Ce premier diagramme illustre l’idée de base :

Le vecteur horizontal représente visuellement ce qui est sous votre contrôle. Le vecteur vertical représente tout le reste, c’est-à-dire ce que vous ne contrôlez pas du tout. Dans le cas de l’archer, le premier vecteur résume la détermination, l’entraînement, la concentration, l’entretien de l’arc et des flèches, et le choix du moment où la flèche est lâchée. Le second vecteur, en revanche, rend compte des éléments sur lesquels l’archer n’a absolument aucun contrôle, comme le fait que sa cible puisse se déplacer (les soldats ennemis ne restent généralement pas plantés là !), les rafales de vent soudaines, etc.

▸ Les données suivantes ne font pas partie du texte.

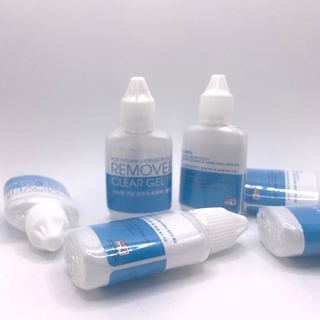 Gel tháo mi xanh remover clear gel, tháo mi nhanh, không cay- dụng cụ nối mi_Mr ĐỨc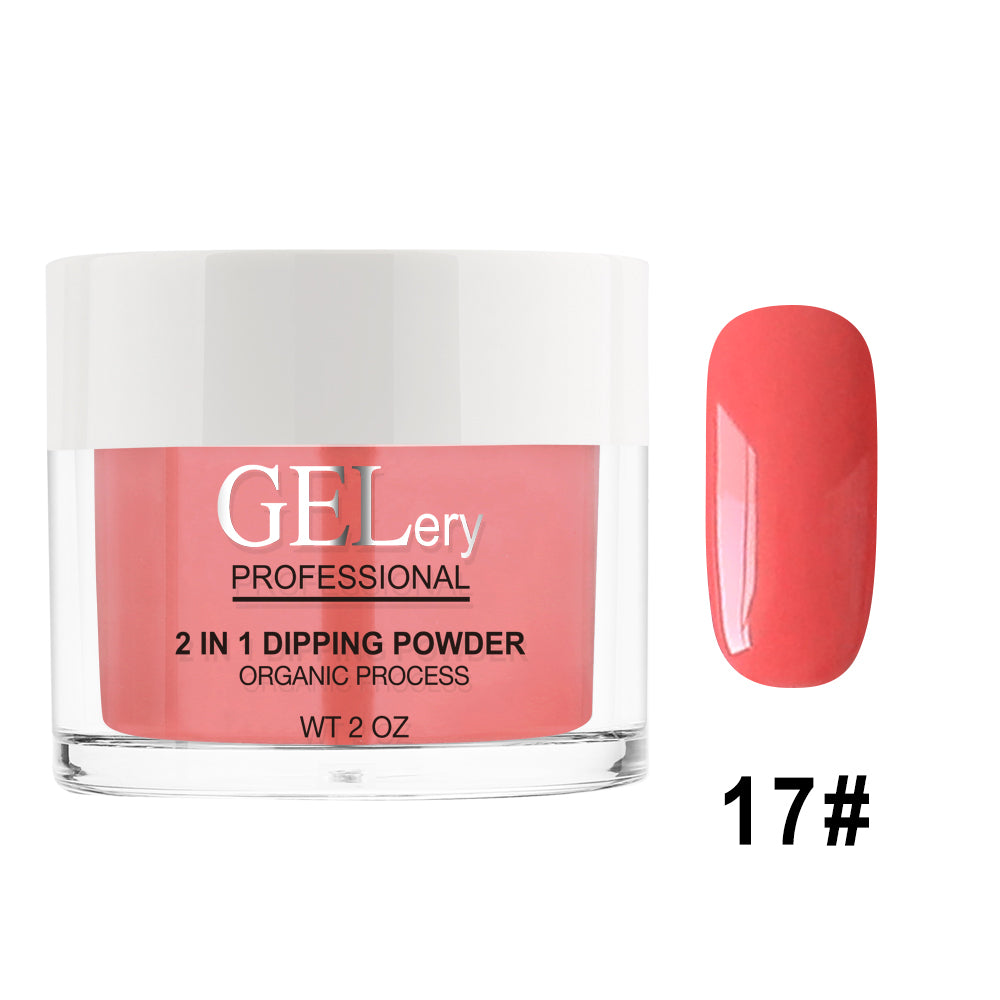 GELery 2 in 1 Acrylic &amp; Dipping Powder 2 oz - #017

La combinaison de ces deux facteurs donne le vecteur de couleur différente dans le diagramme, qui représente le résultat réel. Comme vous pouvez le voir, le résultat est la combinaison des efforts de l’archer (ce qui dépend de lui) et des facteurs externes (ce qui ne dépend pas de lui).

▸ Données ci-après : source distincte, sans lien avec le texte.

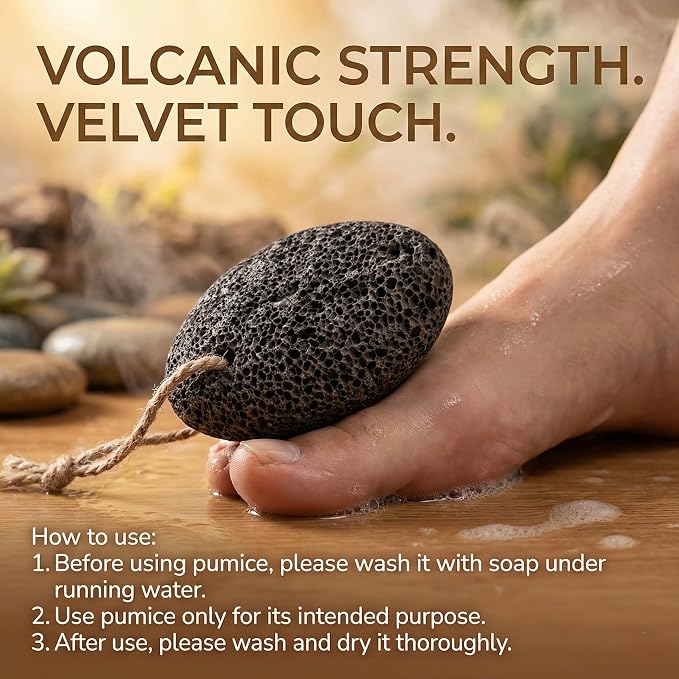 Bitter Almond & Pumice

Cependant, remarquez également le bloc plein qui limite la portée du vecteur horizontal, ce qui représente une limite absolue à ce qui est sous le contrôle de l’archer. Sans cela, on pourrait penser qu’il suffit d’augmenter sans cesse la longueur du vecteur horizontal (c’est-à-dire ses propres efforts) pour finir par éclipser la contribution des facteurs externes, et ainsi toujours atteindre ses objectifs.

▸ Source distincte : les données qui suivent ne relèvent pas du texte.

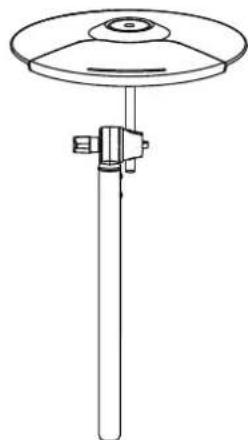 Vevor MD200C-P - Install hitting parts and sound module - 7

Bien entendu, il s’agirait là d’un vœu pieux du type Le Secret[1], incompatible avec le fonctionnement du monde, et la physique stoïcienne est là pour nous dire que c’est impossible.
Notez également qu’il n’y a pas de bloc semblable sur le vecteur vertical, ce qui signifie qu’à toutes fins utiles, les forces extérieures peuvent (et vont souvent) éclipser vos efforts quoi qu’il arrive. Une façon de conceptualiser cela est de penser que le réseau des causes et des effets de l’univers est gigantesque et que nos actions n’en sont qu’une infime partie.
Passons maintenant au deuxième diagramme (les trois vecteurs sont superposés, et ne sont légèrement écartés que par souci de clarté) :

Il présente un scénario dans lequel vos efforts sont alignés sur les forces extérieures, ce qui vous permet d’atteindre l’objectif « choisi » (mais, rappelez-vous, non désiré !).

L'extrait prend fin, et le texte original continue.